Banks DIH profit at $3.5B
(center) Chairman and Managing Director, Clifford Reis flanked by the board of directors.
(center) Chairman and Managing Director, Clifford Reis flanked by the board of directors.

…Chairman credits growth in increased sales, reduction in prices for key raw materials

AS Banks DIH prepares for its 62st Annual General Meeting (AGM) on January 27, 2018, the beverage giant has announced that the company’s profit after tax increased from $2.9 billion in 2016 to $3.5 billion 2017- being $636M or 21.6 percent.

According to the Chairman and Managing Director, Clifford Reis in his report he stated that in the prior year the company benefitted from the one-off gain of $1.4 billion accrued as a result of the disposal of the Investment Securities held in Banks Holdings Ltd and Desnoes and Geddes (Jamaica) Ltd and the dissolution of BCL (Barbados) Ltd.

The group’s net assets value per share has increased from $31.72 to $33.33 and the company has increased its dividend proposal to shareholders to $1.04 per share unit resulting in an overall cost of $884M. “The improved results were made possible as a result of the increase in sales of our malt products, aerated and liquor beverages and food products,” the Chairman noted in the 2017 annual report.

He said the company also benefitted from the reduction in prices paid for several key raw and packaging materials which included sugar and pre-forms. “Prudent management of our asset base and financial resources also contributed to the overall results…while the global economy experienced some shock as a result of the recent general elections in the US there were marginal improvements resulting from the increase in commodity and oil prices,” the Chairman said.

Artificial increase in foreign exchange
Reis stated that the company weathered the effects of an artificial increase in foreign exchange rates which affected the acquisition costs for raw and packaging materials, plant and machinery spares and capital equipment; in addition to foreign exchange and payment of goods and services.

Adding that the recapitalisation of the company’s production, distribution and power generation facilities continued in 2017, Reis said the distribution warehouse was extended with an additional 15,900 square feet of new storage space. “A new malt intake system was installed in the brewery and the beer bottling benefitted from the installation of a crate washer and a new cleaver brook boiler.

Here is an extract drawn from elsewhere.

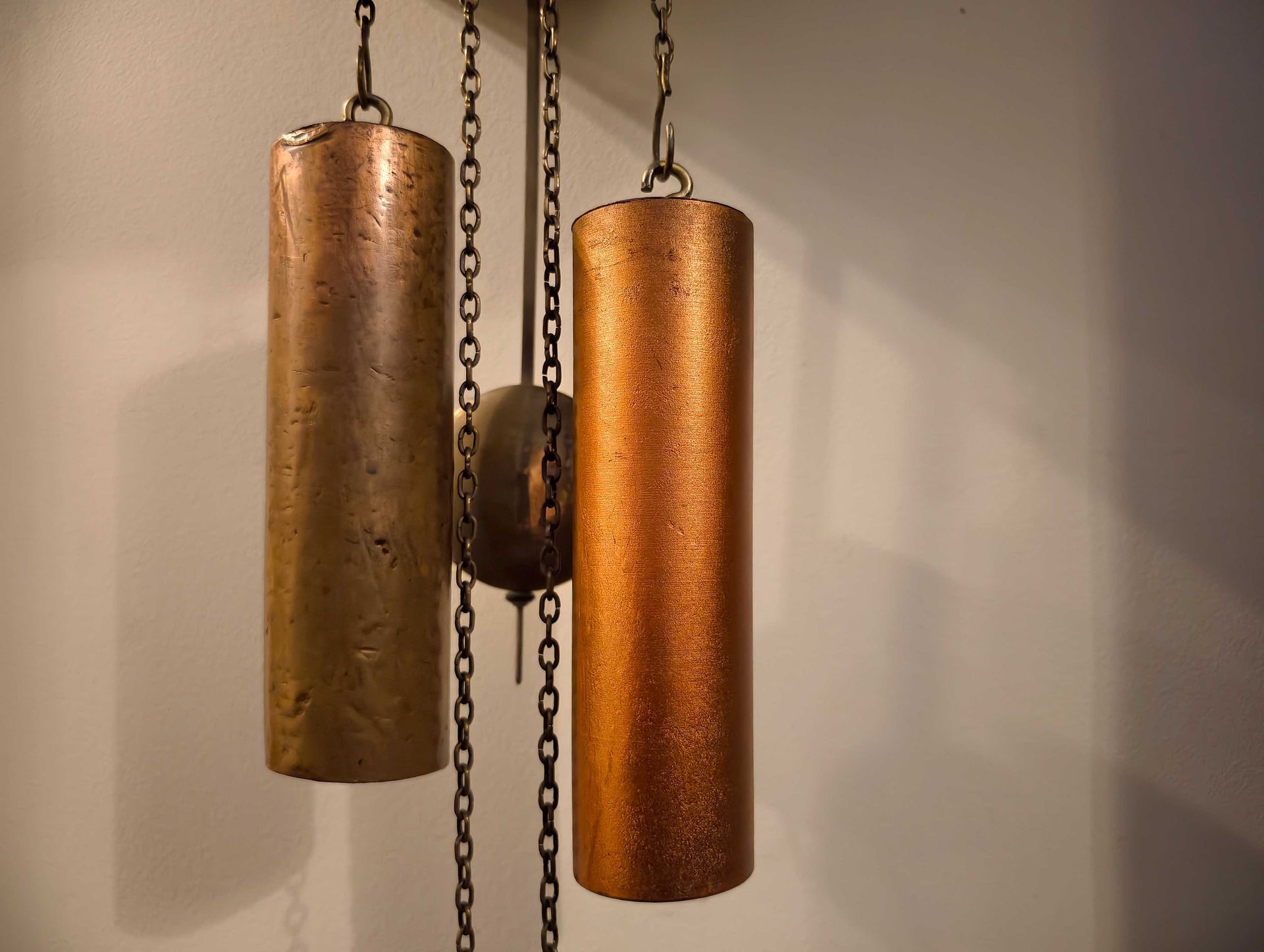 Deux poids d'horloge couleur cuivre suspendus à des chaînes contre un mur couleur crème.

The modernisation of the Trisco Cookies, crackers and snack lines was continued with the acquisition of new packaging equipment and machinery,” he said.

Citizens Bank
Meanwhile, the Chairman in the 2017 annual report noted that the revenue of Citizens Bank was $3.5 billion compared to $3.2 billion, an increase of $287M or 8.8 per cent. Profit after tax was $727M. Underscoring that in creating wealth for shareholders through the creation of synergies, the implementation of finance and marketing initiatives and continued emphasis on cost reduction strategies, Reis said from a net profit of $3.8 billion, a dividend payment of $802M was made leaving $3 billion for transfer to retain earnings.

He noted that the company performed well in 2017 and the uncertain global and local economic environments together with the effects of changing global weather patterns are factors which will adversely affect the company. “We continue to examine areas in which we can diversify our business portfolio,” the Chairman said.